The warm-up I do before a Brazilian Jiu Jitsu class is completely stolen from ballet class.  I start with joints.  Head, shoulders, elbows, wrists, hips, knees, ankles, and then I move on to the muscles and spine.  In guard, I am hyper aware of my posture.  If someone attempts a sweep, it's my stomach and butt muscles that come to my rescue before my legs.  If I practice a throw, my knees and ankles had better be in order.  In Arnis, we practice "rebalancing," which is the practice of staying slightly up on the toes, and constantly moving your feet to reestablish your balance quickly when your opponent swings the baston at your head and you move out of the way.  The rebalancing in Arnis would not be possible without a strong core to assist with speed and direction, and an awareness of proper alignment.

The reason I mention all this, is today Fabio was demonstrating a choke originating from the guard (bottom position).  Fabio has particularly long arms and knows how to maximize their reach.  I remember the first time I felt the power of that space station when I was going merrily along passing his guard, and his left arm crept sneakily around my neck and choked me.   Today, I was watching him demonstrate this same ability and I realized, it's Swan Lake!

When a ballerina rehearses the Odette role in Swan Lake, she will spend countless hours practicing the up and down "flying" movement of her arms.  Seasoned ballerinas who have performed the role many times will still, at the beginning of the season, practice this movement over and over.  Watching a skilled ballerina perform this delicate technique is impressive.  You watch her and think, okay, her elbows must have been surgically removed because the movement just flows like a silk scarf in the wind.  In fact, she has learned how to create magic before your eyes.  And that's what I saw today.  Fabio's arm reached around my classmate's neck and I realized, this technique, when performed correctly, is as effortless and graceful as the regal 8-foot moving wingspan of a swan.

I am so many years removed from my last ballet class, and yet here it is, in Brazilian Jiu Jitsu class.  

October 30, 2016

44 Page Views today from Bangladesh?
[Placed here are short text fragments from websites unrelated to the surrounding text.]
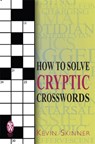 How to Solve Cryptic Crosswords - Kevin Skinner - 9780716022084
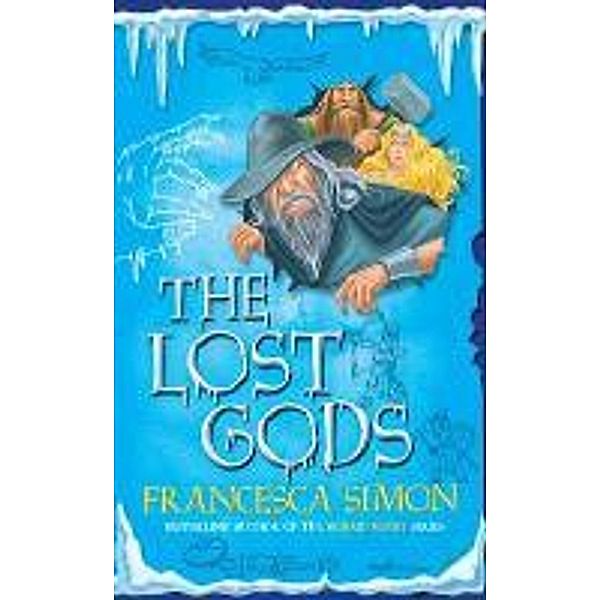 The Lost Gods, Francesca Simon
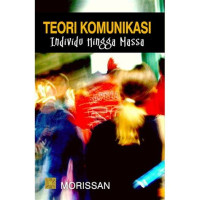 TEORI  KOMUNIKASI : Individu Hingga Massa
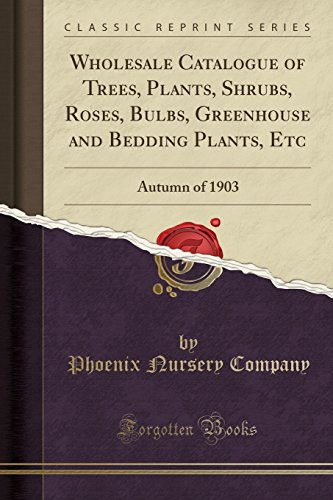 Wholesale Catalogue of Trees, Plants, Shrubs, Roses, Bulbs, Greenhouse and Bedding Plants, Etc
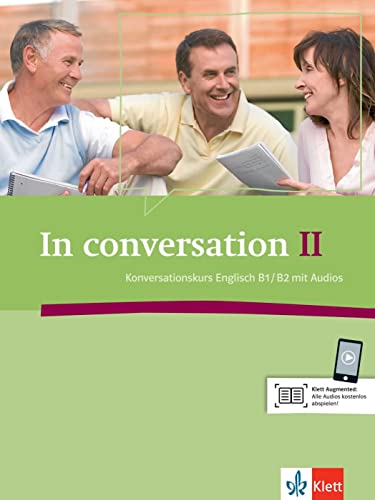 In conversation II B1-B2: Konversationskurs Englisch mit Audio-CD B1/B2. Kursbuch mit Audios von Klett Sprachen GmbH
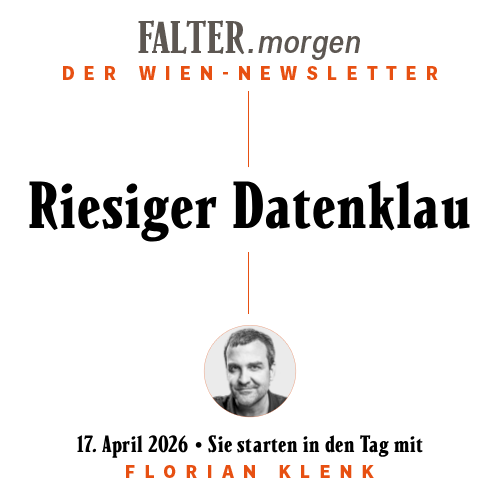 FALTER.morgen – Der Wien-Newsletter / Riesiger Datenklau / 17.04.2026 / Sie starten in den Tag mit Florian Klenk }}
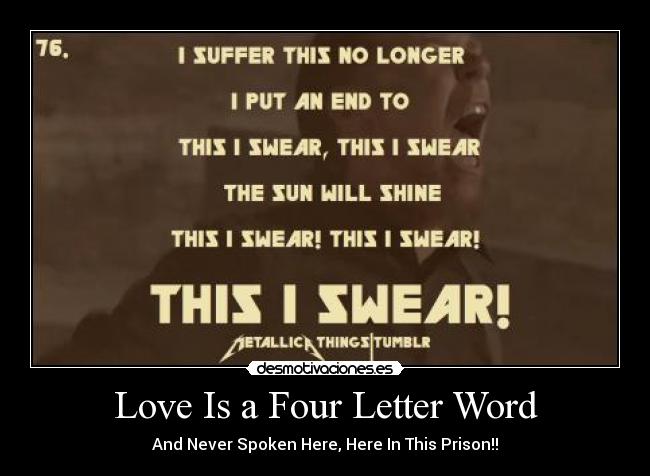 Love Is a Four Letter Word - And Never Spoken Here, Here In This Prison!!
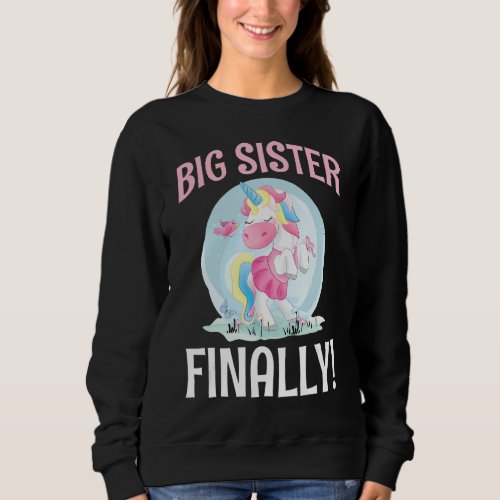 Big Sister Finally Unicorn Cute Announcement Revea Sweatshirt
Hello from San Diego!

Occasionally I get a kick out of looking at the "Audience" stats for this blog.  Imagine my shock today when I saw 44 page views from Bangladesh.  Really?  Bangladesh?  A person, or some people, are reading this in Bangladesh?

I googled "Brazilian Jiu Jitsu Bangladesh," which much to my surprise, produced an article about women slowly scratching a presence into the Bangladesh jiu jitsu world.  Long story short, it is/will be, a long story.  Ladies in the martial arts world in Bangladesh, I salute you.